Search Unity

  1. Welcome to the Unity Forums! Please take the time to read our Code of Conduct to familiarize yourself with the forum rules and how to post constructively.
  2. Dismiss Notice

How To Optimize a Unity Game

Discussion in 'General Discussion' started by GameDevSA, Oct 24, 2021.

  1. hippocoder

    hippocoder

    Digital Ape Moderator

    Joined:
    Apr 11, 2010
    Posts:
    29,723
    This is great for single thread but when it comes to a lot of threads all competing with each other, from all kinds of places in the source, it probably won't work as well without traffic management + the overhead that inevitably must bring.
     
  2. JooleanLogic

    JooleanLogic

    Joined:
    Mar 1, 2018
    Posts:
    447
    Yes this is absolutely only for single thread as in reality, you have to lock the component arrays against changes during system updates. It's not an alternate approach for ecs, just for single threaded GameObject/MonoBehaviour land.
     
  3. hippocoder

    hippocoder

    Digital Ape Moderator

    Joined:
    Apr 11, 2010
    Posts:
    29,723
    It's a good bit of code to demonstrate an idea, to be honest I didn't think anyone would try :)
     
  4. neginfinity

    neginfinity

    Joined:
    Jan 27, 2013
    Posts:
    13,321
    You know, I'm pretty sure you can operate on the stored values directly without creating a temporary copy with get/set if you enable unsafe mode.

    Code (csharp):
    1.  
    2. static unsafe void update(SinWaveMotionComponent *comp){
    3. }
    4.  
    You'll need to use an array for storage and not a list this way, though.
     
  5. JooleanLogic

    JooleanLogic

    Joined:
    Mar 1, 2018
    Posts:
    447
    Blame Arowx. :)
    Yes you could but that wasn't a concern for the purpose of this demonstration.
    Are there any consequences to using unsafe in Unity?
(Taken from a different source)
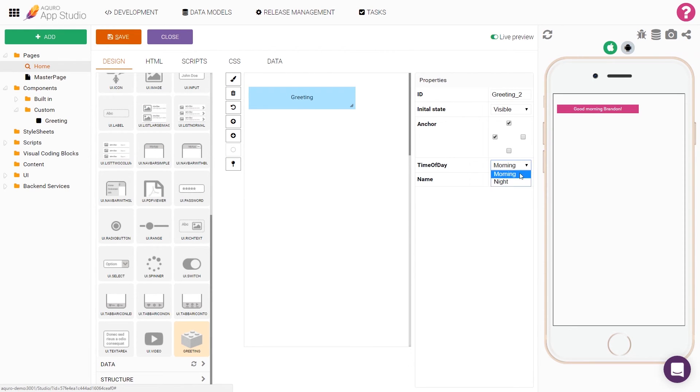If I switch the drop down to night, we can now see how the component updates automatically to sleep tight in the preview window.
Does it play any role in terms of publishing your game?
     
    hippocoder likes this.
  6. Arowx

    Arowx

    Joined:
    Nov 12, 2009
    Posts:
    8,194
    Thank you for this great example of my concept.

    unsafe should not make any difference as Unity is written in C/C++ which by default is 'unsafe'.

    Think of it like taking the stabilisers off your first bike it's fine as long as you don't fall off.

    I think you could improve this section by using the Burst and Mathermatics features e.g. float3 and [BurstCompile] tags

    Code (CSharp):
    1.  
    2. for (int i = 0; i < components.Count; i++) {
    3.             var c = components[i];
    4.  
    5.             c.angle += 360 * c.rotationsPerSecond * dt;
    6.             c.angle %= 360;
    7.             float sin = Mathf.Sin(c.angle * Mathf.Deg2Rad);
    8.  
    9.             Vector3 position = c.transform.position; // you access the transform twice you should get a reference to it once and use it twice.
    10.             position.y = sin * c.radius;
    11.             c.transform.position = position; // ditto
    12.  
    13.             components[i] = c;
    14.         }

    Also your using an Array of Structs which is not as performant as a Struct of Arrays.

    Set it up as a Job and you would have basic Multi-threading.

    But as your just using a sine function within a range you should really generate a sine array with sufficient resolution and then you could use the nearest value and you could calculate this based on the display size in pixels and some upper threshold e.g. 3600 entries 360.0 max resolution.

    PS 360 radians = 2 * PI so you can just swap 2 * PI for 360 and remove the Mathf.Deg2Rad and have a radians sine array lookup table.
     
    Last edited: Nov 2, 2021
    JooleanLogic likes this.
  7. neginfinity

    neginfinity

    Joined:
    Jan 27, 2013
    Posts:
    13,321
    The effects of "unsafe" code are undocumented. The manual simply doesn't talk about it, as far as I'm aware.
     
    JooleanLogic likes this.
  8. JooleanLogic

    JooleanLogic

    Joined:
    Mar 1, 2018
    Posts:
    447
    Good grief, my apologies to all for not optimising my conceptual code which isn't being used by anyone anywhere. :rolleyes::)
    What does that mean in the context of this design and how would you achieve it? I'm not familiar with SoA other than briefly looking it up now.
    The simplicity of this design is quite cool but it only operates on individual components. I.e. It can't align multiple components in the same query like ecs can.
    E.g. CompA.Components and CompB.Components do not align.
    So you can't split components you want to operate on into more atomic types for SoA (if my understanding is correct). Not in any generic way that I can see anyway.
    Thanks. I'd steered clear of this due to a vague memory that it had publishing consequences on mobile for some reason. Good to know the gloves can come off.
     
  9. neginfinity

    neginfinity

    Joined:
    Jan 27, 2013
    Posts:
    13,321
    In concept of this design it means you'll skip creating the temporary copy. The idea was to make the things cacheable, as far as I can tell, and since it is a struct, the value is going to be on the stack. So the quesiton is whether pulling the value repeatedly on the stack is going to have any performance impact.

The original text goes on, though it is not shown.